Oh my baby. My poor sweet child. Don’t be sad. It’s only for a couple of hours. Everyone goes to nursery. Why? I don’t know why. Good question! Why?!! No don’t cry. You’re making me cry. Okay one more hug. Okay one more. Okay, Just one mor-

Yes, I know he’s going to be fine. Okay… shut the door.
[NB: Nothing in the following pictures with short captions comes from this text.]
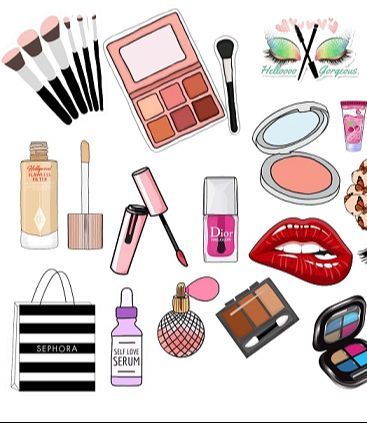 20Pcs%20Aesthetic%20Girls%20Beauty%20&%20Makeup%20Stickers%20Cute%20Cosmetic%20Decals%20for%20Laptop%20Mobile%20Case,%20Skateboard%20&%20Journaling%202inchx2Inch%20Stickers%20size%20-%20Image%203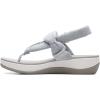 imageClarks Womens Arla Nicole SandalLight Grey Textile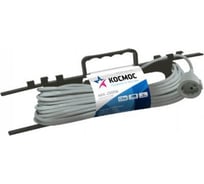 Удлинитель на рамке с заземлением,1х50м, 2500Вт КОСМОС YPKsm50m-1g-Z-D-PK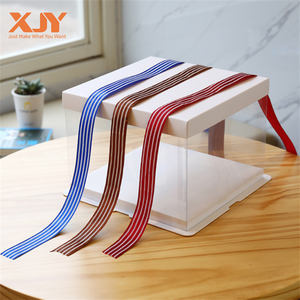 Xjy Cao Trong Suốt Inch Pet Lớn Vuông Nhựa Đám Cưới Hình Chữ Nhật Pop Bánh Bánh Hộp Với Biểu Tượng Tùy Chỉnh - Product Image 5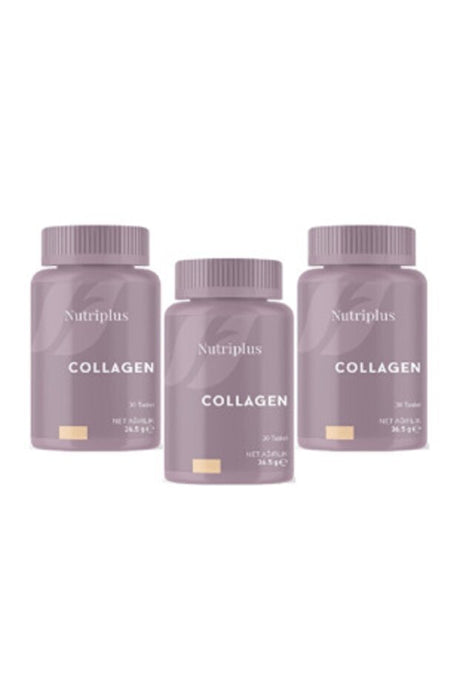 Nutriplus Collagen & Vitamin C - 30 Tablets x 3 Bottles - TryAladdin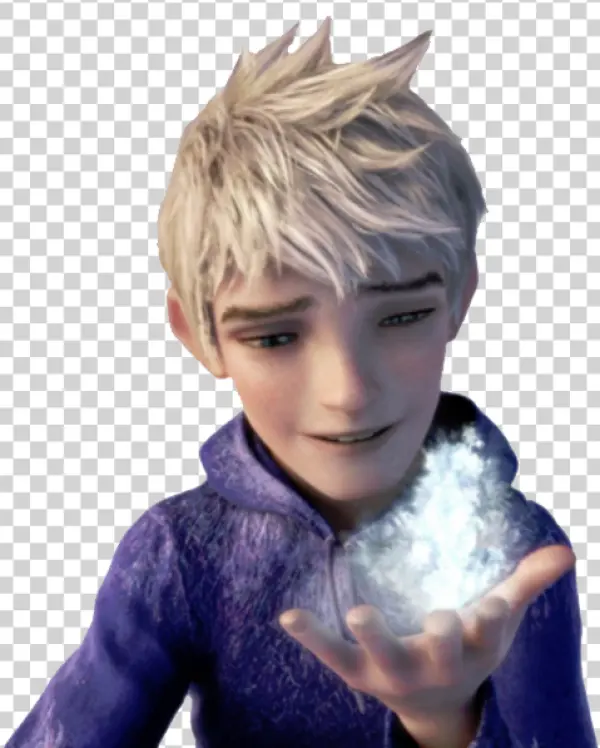 Jack Frost Holding Ice Magic PNG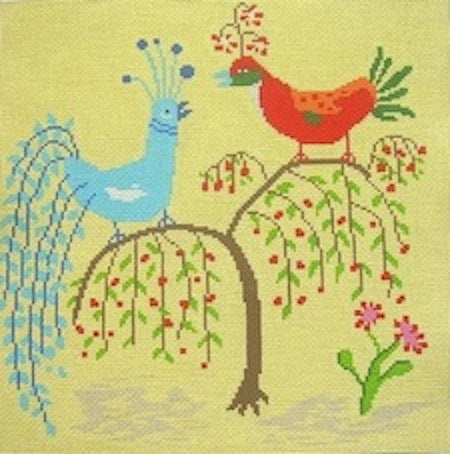 Birds of a Feather Gossip Canvas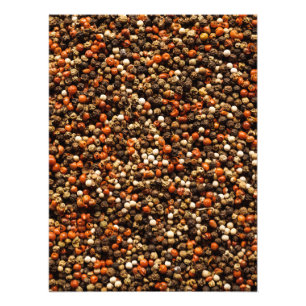 Textuur van gemengde peperkorrels specerijenfoto foto afdruk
(I’ll just be sitting here.)

2007

First day of Kindergarten. Can’t…. even….. speak.

2008-10

What’s going on, my love? Yes, I would Love to play dinosaur battles with you! Yes, I want to color! Yes we can build a set-up! Yes, I will even listen to the really really long and convoluted story about the dragons you are breeding on your video game and all 112 words you have made up for your own secret language. Tell me. I am fascinated.

2010-2012

Of course! Have all your friends come over! Everyone is welcome! Five on five wiffleball/soccer/football/basketball in the yard? Fabulous! Manhunt through the house? Movies? Wii? X-Box? Great! I’ll order a pizza! Who wants fresh baked cookies? Weeeeee!!!

2013-2014

Uh okay, of course I’ll drive you to your friend’s. Again.

2015

Me: Can I make you pancakes?

Him: Shrug

Me: Hey that was a good game you played today!

Him: Grunt

Me: Who did you hang out with at the party yesterday?

Him: Eye roll

Sigh. (Both of us)

2016 –

How are you? How’s school? What’s going on? What’s new? Are you happy? Are you sad? Are you comfortable? Do you have friends you like? Do they like you? Are you feeling okay? Do you need anything? Want anything? Can I help you? Hello? Are you listening? Hello…

I’m here.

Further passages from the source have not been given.